Straight Photography Movement and Pictorial Photography Movement
The Pictorial Movement
Pictorialism, an approach to photography that emphasizes beauty of subject matter, tonality, and composition rather than the documentation of reality, they tried to make their they made images look similar to romanticism painted which tended to be very fantasy/ dream like. To create this effect pictorial photographers would often smear Vaseline around the lens of the camera to make the image distorted, the height of pictorialism was around the 1800s – 1910.

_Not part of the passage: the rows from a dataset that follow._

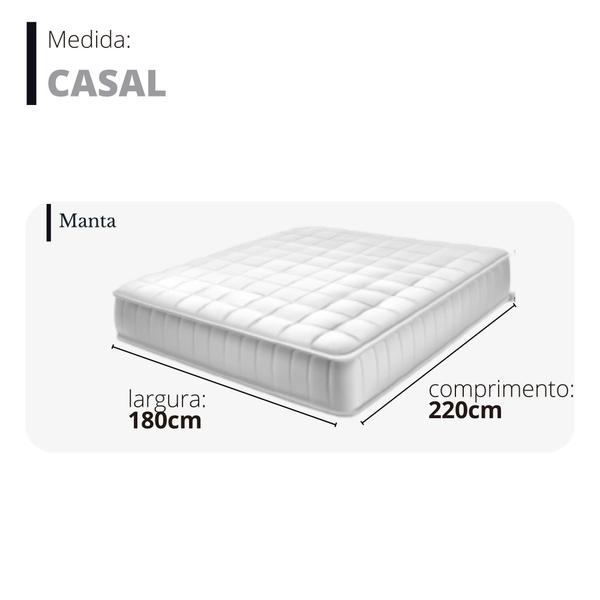 Manta Casal - Macia e Quente - Appel Imagem de Manta Casal - Macia e Quente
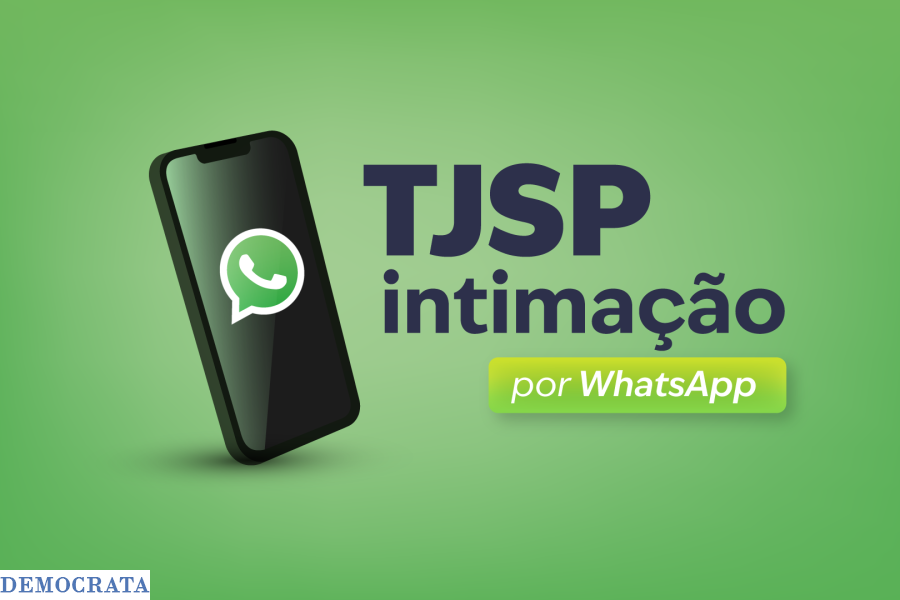 TJSP lança projeto-piloto de intimações judiciais por WhatsApp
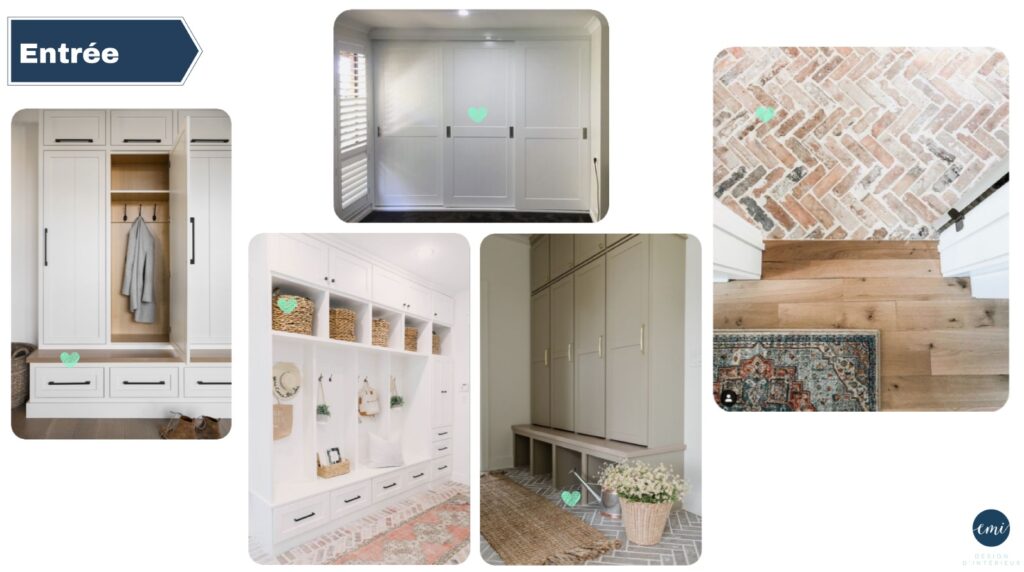 Moodboard De la Meuse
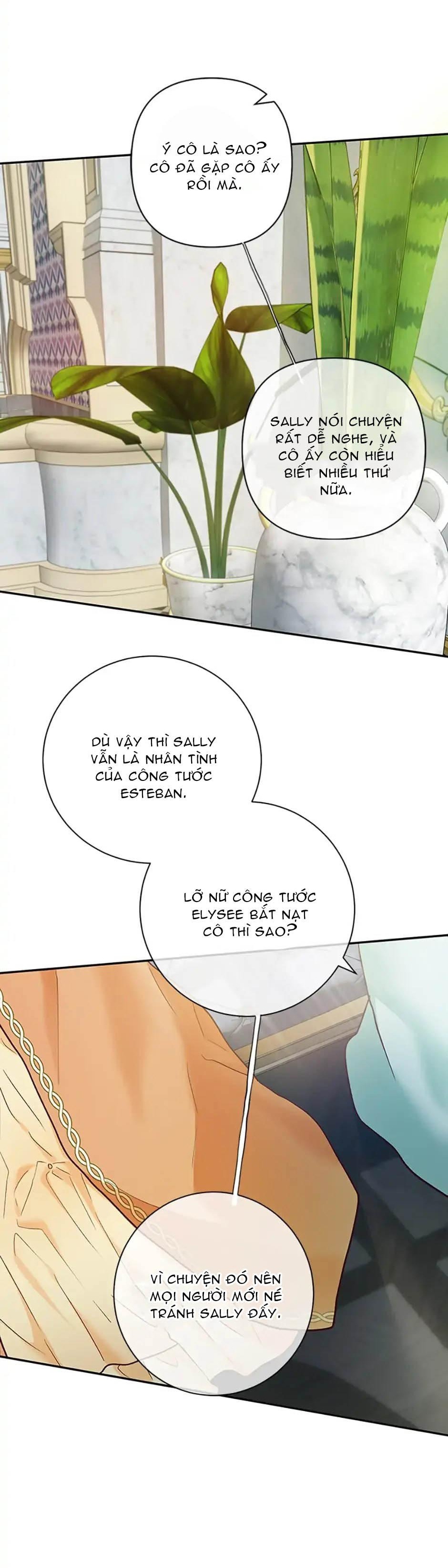 Cuộc Sống Xa Hoa Của Cô Nhân Tình Giả: Chapter 20
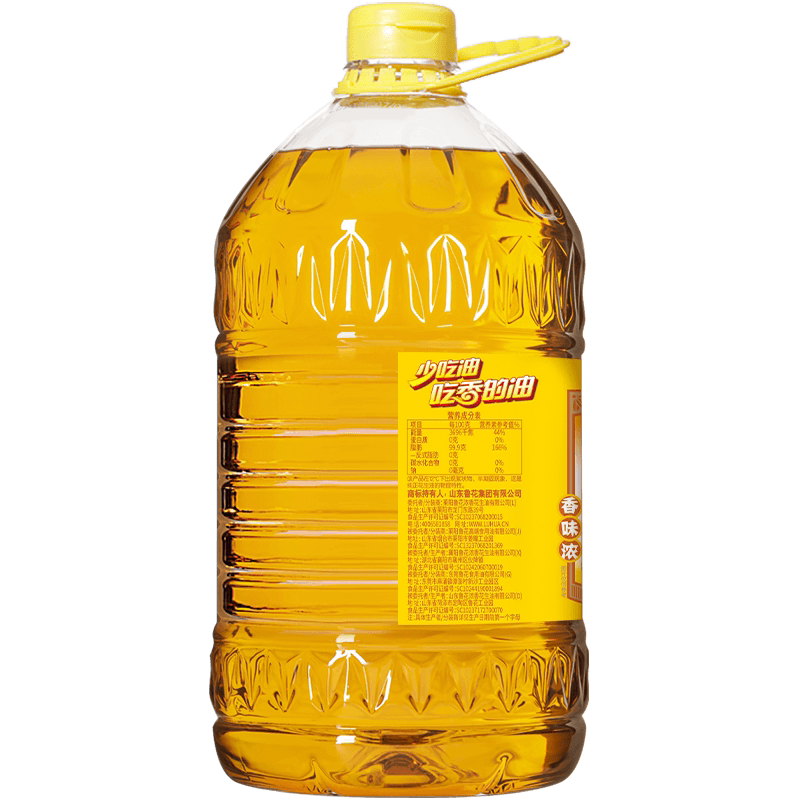 鲁花淘淘飘香5S压榨一级花生油6.08L食用油厨房 - 缩略图2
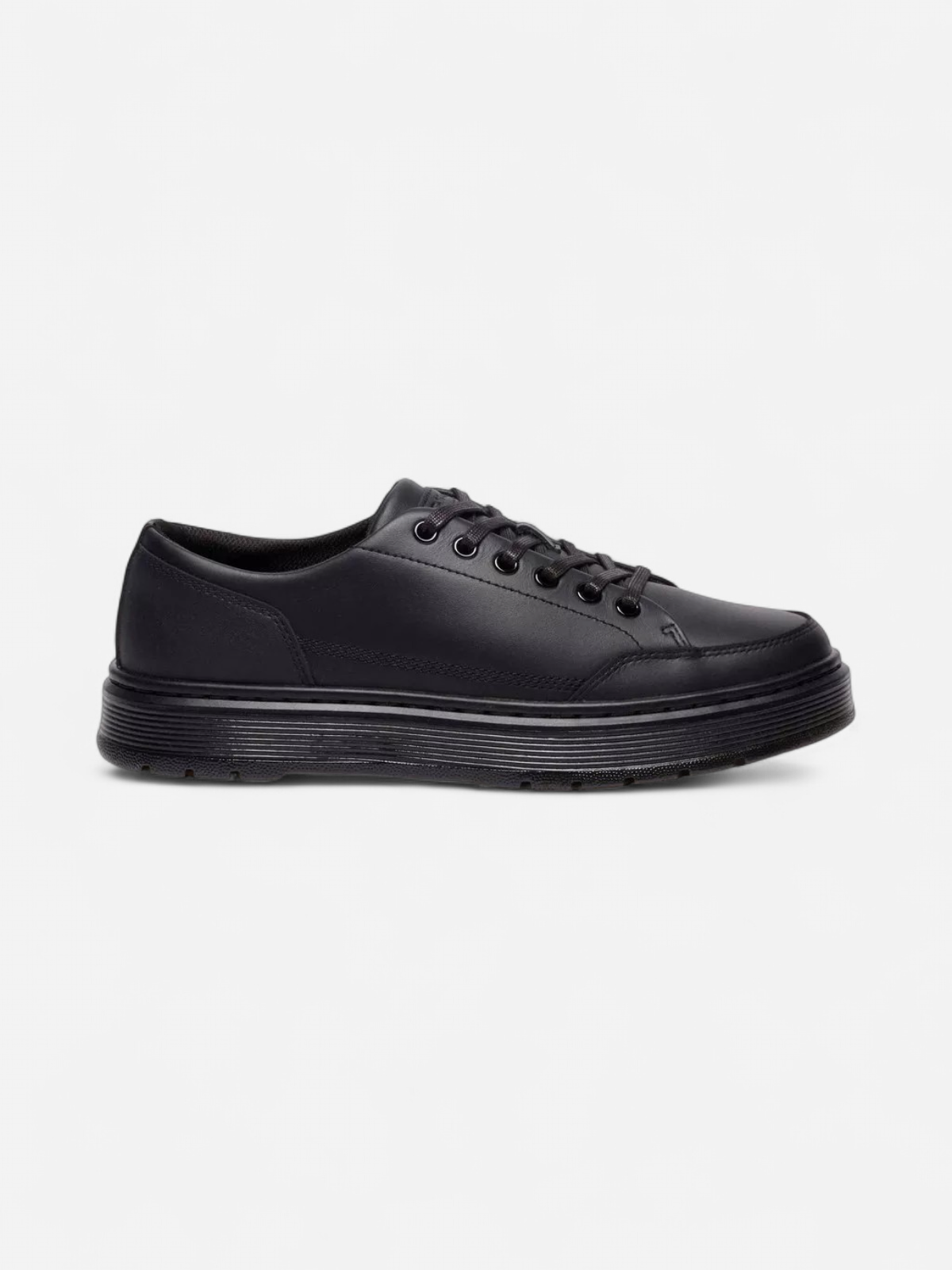 Dr. Martens miesten kengät Brookline 6-Eye, musta - Kekäle.fi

Characteristic of the Pictorialism
- Pictures that look similar to paintings in the same era
- Many images featuring the female body as the many subject matter
- The use of shadows and darkness to obscure some of the frame
- Out of focus images
- Blurry and fuzzy images
Pictorial Photographers
Emerson’s Naturalistic Photography – In 1889 Peter Henry Emerson (1856-1936) expounded his theory of Naturalistic Photography which the Pictorialist used to promote photography as an art rather than science. Their handcrafted prints were in visual opposition to the sharp b/w contrast of the commercial print
Examples of Pictorial photography
Straight Photography
Pure photography or straight photography is a photography movement which began in reaction to the Pictorial photography movement. Straight photography emphasizes and engages with the camera’s own technical capability to produce images sharp in focus and rich in detail. The term generally refers to photographs that are not manipulated, either in the taking of the image or by darkroom or digital processes, but sharply depict the scene or subject as the camera sees it. The movement began around the same time that pictoralism began to die out, so around 1910.
Straight Photographers
Paul Strand – born 1890 New York City.The iconic photographer Strand redifined the medium through his portraits, city scenes, and abstract compositions that helped define modernist photography in the twentieth century.
Ansel Adams – His signature style was characterized by a sharp, high-resolution focus and stark contrasts of light and shadow. Adams co-founded Group f/64, a collective of Western-American photographers.
László Moholy-Nagy. He was influential in promoting the Bauhaus’s multi- and mixed-media approaches to art, advocating for the integration of technological and industrial design elements.